Sustainable development of energy is regarded as a crucial solution to combat global challenges such as climate change and energy security. However, the sustainable harnessing of wind energy confronts randomness and volatility, rendering the precise prediction of wind power signals a crucial challenge in the management of power systems. To address these issues, this study employs the Variational Mode Decomposition (VMD) method and Long Short-Term Memory (LSTM) networks to comprehensively analyze the impact of the VMD method on the accuracy of wind power signal prediction using LSTM. The orthogonal experimental method is used to determine the key parameters of the VMD method. The results show that the VMD-LSTM model significantly outperforms the traditional LSTM model in time series signal prediction accuracy.
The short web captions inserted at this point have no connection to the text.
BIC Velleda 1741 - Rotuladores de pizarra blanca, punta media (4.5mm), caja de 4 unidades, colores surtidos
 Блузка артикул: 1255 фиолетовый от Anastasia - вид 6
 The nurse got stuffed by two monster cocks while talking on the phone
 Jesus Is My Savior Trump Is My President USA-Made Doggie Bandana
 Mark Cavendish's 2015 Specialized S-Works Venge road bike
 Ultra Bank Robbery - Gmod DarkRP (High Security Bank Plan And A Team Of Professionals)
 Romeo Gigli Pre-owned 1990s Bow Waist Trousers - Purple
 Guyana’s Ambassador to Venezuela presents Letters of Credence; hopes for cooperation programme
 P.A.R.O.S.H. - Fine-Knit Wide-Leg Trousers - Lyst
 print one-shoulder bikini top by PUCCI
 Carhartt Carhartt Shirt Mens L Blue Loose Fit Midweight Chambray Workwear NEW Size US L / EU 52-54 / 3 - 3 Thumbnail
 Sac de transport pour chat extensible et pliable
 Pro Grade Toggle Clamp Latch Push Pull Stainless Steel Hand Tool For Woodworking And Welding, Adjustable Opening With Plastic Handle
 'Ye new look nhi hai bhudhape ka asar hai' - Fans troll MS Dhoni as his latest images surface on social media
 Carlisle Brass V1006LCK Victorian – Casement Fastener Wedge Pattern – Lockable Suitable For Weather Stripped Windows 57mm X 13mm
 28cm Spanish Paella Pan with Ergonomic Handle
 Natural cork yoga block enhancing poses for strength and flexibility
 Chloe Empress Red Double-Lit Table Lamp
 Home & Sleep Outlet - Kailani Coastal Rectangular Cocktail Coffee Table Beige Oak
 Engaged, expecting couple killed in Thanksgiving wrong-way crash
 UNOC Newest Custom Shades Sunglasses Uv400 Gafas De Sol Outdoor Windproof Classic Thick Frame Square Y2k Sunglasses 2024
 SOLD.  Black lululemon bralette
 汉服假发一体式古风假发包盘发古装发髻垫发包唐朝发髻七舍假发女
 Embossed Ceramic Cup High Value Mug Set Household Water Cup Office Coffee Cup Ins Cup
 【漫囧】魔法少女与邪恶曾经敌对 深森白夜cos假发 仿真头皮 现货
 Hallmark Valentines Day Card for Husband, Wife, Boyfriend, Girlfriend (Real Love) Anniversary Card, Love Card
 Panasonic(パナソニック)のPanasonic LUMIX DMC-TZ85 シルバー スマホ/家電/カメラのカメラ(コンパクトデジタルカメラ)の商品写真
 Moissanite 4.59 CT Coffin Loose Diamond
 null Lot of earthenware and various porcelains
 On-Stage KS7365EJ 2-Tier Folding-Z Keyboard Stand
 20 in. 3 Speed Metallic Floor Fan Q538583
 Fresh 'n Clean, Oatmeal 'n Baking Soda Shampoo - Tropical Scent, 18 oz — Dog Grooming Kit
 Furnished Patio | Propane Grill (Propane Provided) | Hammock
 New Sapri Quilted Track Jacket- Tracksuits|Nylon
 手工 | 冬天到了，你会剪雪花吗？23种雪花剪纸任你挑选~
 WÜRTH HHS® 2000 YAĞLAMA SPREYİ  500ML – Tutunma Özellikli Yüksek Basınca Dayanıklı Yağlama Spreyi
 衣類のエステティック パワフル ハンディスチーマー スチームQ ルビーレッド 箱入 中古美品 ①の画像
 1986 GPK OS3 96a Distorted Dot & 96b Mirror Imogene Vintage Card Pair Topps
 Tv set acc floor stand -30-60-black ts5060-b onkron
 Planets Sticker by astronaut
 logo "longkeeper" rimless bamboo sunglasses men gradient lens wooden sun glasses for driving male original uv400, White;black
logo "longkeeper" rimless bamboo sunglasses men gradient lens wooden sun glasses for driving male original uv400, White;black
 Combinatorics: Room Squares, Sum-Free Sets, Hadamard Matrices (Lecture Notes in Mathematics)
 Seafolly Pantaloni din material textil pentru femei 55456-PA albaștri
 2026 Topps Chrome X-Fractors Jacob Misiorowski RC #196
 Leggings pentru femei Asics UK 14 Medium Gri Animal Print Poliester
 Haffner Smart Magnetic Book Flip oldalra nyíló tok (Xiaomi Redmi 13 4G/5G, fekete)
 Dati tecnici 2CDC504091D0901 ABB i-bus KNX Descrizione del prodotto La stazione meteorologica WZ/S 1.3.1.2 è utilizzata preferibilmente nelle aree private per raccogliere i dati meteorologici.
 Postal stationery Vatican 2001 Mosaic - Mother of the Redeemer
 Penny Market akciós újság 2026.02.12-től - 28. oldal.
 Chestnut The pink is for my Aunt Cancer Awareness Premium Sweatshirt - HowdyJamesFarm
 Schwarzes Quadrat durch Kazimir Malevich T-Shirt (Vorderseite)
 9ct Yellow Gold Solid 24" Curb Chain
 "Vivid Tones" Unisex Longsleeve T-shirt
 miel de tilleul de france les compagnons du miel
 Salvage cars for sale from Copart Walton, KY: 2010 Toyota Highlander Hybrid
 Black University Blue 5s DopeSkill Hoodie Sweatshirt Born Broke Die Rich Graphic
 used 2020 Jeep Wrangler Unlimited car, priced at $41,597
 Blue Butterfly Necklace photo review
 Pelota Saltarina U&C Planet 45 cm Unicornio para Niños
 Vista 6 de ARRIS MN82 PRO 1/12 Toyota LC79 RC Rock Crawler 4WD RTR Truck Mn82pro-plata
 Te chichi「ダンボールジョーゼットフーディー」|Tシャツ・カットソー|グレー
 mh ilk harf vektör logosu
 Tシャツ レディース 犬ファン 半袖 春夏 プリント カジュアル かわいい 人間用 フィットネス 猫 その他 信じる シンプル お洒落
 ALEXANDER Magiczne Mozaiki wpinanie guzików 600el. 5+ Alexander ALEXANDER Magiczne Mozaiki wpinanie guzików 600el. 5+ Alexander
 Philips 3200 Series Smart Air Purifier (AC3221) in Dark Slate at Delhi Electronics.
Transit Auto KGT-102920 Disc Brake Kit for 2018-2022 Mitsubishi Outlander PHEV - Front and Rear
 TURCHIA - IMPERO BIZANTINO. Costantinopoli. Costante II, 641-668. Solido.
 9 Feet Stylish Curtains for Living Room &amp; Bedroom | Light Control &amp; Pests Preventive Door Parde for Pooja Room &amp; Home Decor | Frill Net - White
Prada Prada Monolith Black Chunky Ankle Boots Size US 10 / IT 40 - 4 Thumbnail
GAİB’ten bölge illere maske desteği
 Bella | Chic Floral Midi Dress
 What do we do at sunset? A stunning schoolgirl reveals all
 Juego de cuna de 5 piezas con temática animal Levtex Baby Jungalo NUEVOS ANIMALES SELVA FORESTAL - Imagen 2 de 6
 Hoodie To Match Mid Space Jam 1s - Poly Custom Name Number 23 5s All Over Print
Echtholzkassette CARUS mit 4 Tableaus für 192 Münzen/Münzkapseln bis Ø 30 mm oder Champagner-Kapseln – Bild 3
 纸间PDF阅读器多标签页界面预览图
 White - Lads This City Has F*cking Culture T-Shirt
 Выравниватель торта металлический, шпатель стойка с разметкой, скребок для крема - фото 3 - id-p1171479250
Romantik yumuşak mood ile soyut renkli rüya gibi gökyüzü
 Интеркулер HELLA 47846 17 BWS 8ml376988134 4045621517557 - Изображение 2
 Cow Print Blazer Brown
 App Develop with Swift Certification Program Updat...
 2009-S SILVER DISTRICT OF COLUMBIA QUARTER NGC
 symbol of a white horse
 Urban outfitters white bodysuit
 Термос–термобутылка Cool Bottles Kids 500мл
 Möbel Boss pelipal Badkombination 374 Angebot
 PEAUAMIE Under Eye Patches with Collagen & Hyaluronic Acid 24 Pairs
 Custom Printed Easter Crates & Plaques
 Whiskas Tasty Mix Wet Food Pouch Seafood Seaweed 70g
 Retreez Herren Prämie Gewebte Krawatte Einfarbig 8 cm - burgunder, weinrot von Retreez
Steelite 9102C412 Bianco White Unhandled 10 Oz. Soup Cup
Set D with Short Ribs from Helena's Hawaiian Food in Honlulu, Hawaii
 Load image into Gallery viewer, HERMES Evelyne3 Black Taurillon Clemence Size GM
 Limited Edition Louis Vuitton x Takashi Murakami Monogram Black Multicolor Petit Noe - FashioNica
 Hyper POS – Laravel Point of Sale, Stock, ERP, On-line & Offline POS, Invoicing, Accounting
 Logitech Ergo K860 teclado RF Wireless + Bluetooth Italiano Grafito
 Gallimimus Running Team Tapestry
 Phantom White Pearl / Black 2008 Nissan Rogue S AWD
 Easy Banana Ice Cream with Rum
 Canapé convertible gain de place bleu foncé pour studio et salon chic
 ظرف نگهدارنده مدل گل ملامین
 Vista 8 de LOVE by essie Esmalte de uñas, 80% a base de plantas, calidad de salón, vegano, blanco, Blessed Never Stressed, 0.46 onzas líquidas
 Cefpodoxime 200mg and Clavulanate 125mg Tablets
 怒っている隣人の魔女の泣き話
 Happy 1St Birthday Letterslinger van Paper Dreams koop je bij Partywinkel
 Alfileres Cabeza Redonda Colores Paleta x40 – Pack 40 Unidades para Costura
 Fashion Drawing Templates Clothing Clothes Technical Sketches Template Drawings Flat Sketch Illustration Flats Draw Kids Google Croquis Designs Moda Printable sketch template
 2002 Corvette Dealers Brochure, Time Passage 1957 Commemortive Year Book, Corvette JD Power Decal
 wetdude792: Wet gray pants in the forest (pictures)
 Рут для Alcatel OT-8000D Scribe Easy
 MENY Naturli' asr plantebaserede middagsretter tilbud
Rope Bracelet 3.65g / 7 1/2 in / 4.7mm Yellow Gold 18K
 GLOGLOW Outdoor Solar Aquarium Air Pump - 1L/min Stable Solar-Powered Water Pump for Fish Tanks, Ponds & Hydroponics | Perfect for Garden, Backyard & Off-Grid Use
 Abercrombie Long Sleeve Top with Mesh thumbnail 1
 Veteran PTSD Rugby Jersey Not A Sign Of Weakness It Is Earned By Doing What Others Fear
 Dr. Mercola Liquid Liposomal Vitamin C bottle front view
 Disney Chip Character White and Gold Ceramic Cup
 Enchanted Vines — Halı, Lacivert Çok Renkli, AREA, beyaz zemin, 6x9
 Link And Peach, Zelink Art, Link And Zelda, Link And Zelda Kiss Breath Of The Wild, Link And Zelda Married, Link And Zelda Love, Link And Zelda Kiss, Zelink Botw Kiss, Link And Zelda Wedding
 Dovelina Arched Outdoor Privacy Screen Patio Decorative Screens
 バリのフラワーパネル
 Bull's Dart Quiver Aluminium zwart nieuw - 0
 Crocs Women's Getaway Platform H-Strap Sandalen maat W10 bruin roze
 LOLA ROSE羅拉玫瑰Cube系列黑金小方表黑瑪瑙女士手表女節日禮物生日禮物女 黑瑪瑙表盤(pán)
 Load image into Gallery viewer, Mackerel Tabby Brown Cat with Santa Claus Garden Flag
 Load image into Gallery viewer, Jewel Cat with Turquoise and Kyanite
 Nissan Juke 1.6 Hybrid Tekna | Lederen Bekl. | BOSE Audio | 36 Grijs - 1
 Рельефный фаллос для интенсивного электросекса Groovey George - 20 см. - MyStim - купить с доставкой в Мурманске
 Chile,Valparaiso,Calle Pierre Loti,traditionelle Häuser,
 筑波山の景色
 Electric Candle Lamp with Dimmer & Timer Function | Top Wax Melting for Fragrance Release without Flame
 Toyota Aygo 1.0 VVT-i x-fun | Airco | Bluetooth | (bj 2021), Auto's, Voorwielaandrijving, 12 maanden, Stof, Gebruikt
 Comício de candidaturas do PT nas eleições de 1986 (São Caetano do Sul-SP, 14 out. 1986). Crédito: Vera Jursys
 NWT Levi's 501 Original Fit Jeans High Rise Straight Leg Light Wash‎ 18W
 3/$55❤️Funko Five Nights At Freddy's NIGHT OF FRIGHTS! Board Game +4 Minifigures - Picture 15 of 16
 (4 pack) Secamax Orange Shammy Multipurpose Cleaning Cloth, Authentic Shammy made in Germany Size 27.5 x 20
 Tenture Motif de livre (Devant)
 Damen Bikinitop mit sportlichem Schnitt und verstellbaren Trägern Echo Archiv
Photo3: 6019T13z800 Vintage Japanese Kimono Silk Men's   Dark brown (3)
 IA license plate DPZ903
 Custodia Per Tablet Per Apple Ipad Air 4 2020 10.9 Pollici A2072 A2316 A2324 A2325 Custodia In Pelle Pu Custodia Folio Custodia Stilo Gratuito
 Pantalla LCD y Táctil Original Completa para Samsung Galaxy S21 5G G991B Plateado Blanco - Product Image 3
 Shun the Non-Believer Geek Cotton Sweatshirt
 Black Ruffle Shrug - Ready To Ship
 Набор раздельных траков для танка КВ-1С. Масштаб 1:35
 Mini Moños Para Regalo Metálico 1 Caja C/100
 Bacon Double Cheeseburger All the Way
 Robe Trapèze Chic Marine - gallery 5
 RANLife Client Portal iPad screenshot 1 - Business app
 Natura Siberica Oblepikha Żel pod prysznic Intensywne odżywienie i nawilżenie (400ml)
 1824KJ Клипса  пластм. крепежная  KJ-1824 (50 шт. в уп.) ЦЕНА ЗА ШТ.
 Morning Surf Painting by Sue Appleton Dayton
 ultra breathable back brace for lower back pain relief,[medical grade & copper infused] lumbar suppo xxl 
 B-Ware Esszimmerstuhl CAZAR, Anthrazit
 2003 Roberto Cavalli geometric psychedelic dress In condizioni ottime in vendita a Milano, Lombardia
Compared to the LSTM model, the VMD-LSTM model reduces the MAE, MAPE, and RMSE errors by 39.7 %, 37.5 %, and 30.9 %, respectively, and increases the R2 by 20.6 %. Among the decomposed modes, the third-order mode exhibits the largest prediction error. A method is proposed to improve prediction accuracy by excluding certain non-essential modes. This study provides valuable insights into reducing power fluctuations in the grid caused by active power prediction errors.